● **TO DO**
Exactly the lines below starting at the line with "lectura Kniha: Agua" and ending at the line with "Stay Trippy Little" are wanted, with both ends included. Leave out the pictures and add no other lines.

Segment Start: AVAILABLE DATA

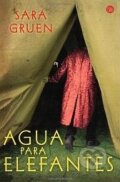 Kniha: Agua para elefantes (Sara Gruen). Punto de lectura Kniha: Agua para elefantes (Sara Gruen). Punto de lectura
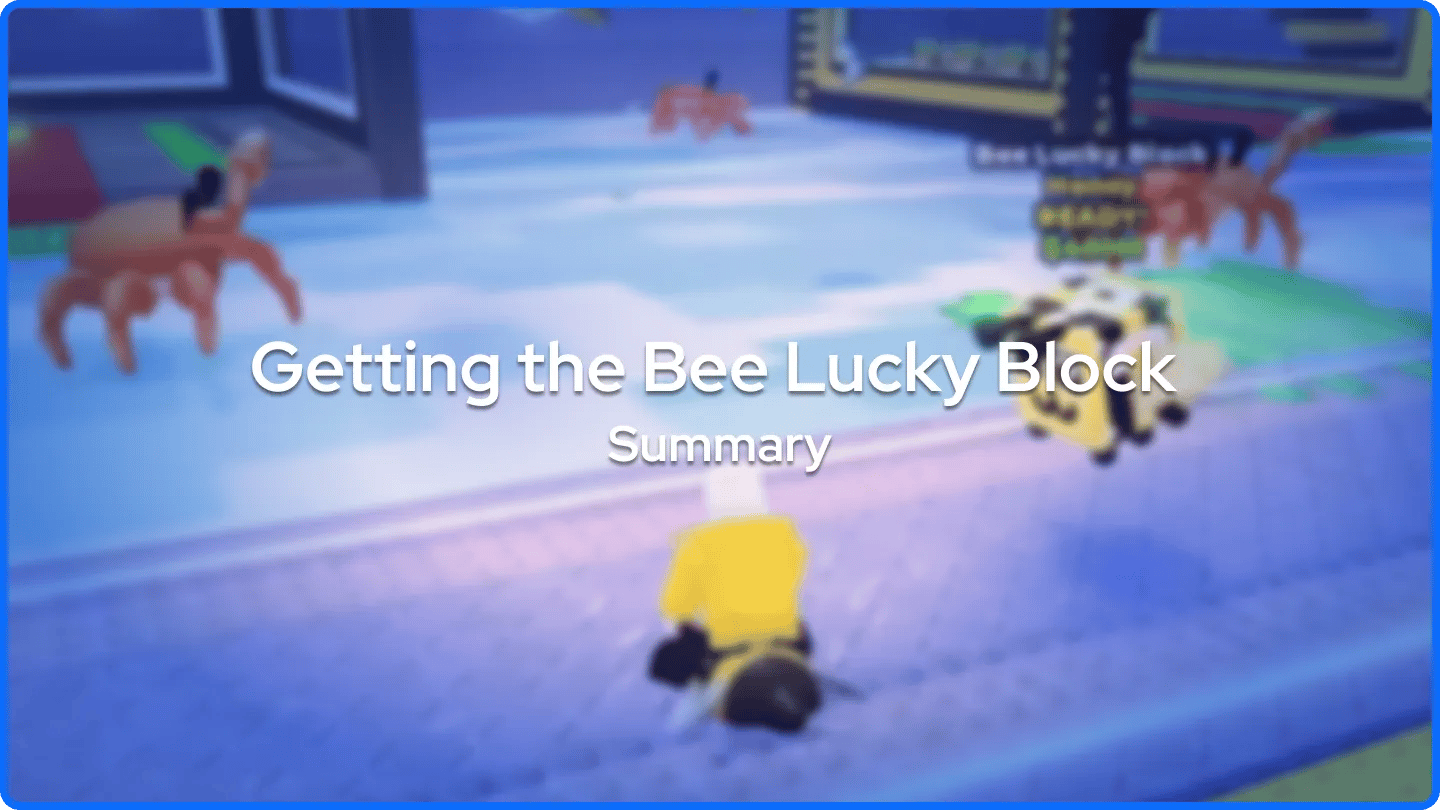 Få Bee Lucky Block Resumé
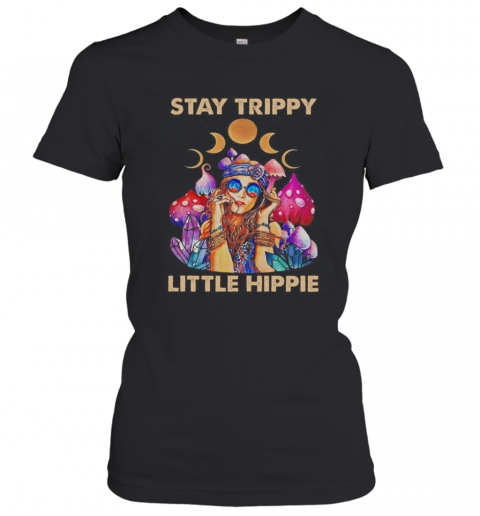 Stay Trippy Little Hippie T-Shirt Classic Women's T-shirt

Segment End: AVAILABLE DATA
Segment Start: AVAILABLE DATA

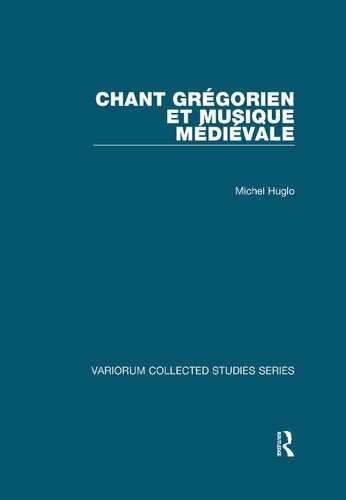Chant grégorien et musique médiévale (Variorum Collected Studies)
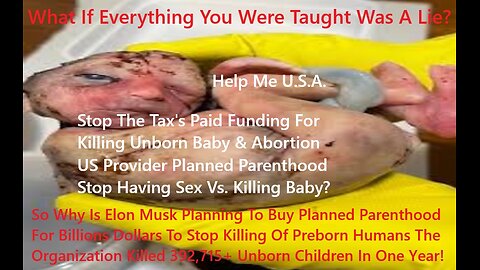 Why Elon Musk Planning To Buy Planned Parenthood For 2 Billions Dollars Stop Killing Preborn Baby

Segment End: AVAILABLE DATA

● **SOLVED EXERCISE**
 Kniha: Agua para elefantes (Sara Gruen). Punto de lectura Kniha: Agua para elefantes (Sara Gruen). Punto de lectura
 Få Bee Lucky Block Resumé
 Stay Trippy Little Hippie T-Shirt Classic Women's T-shirt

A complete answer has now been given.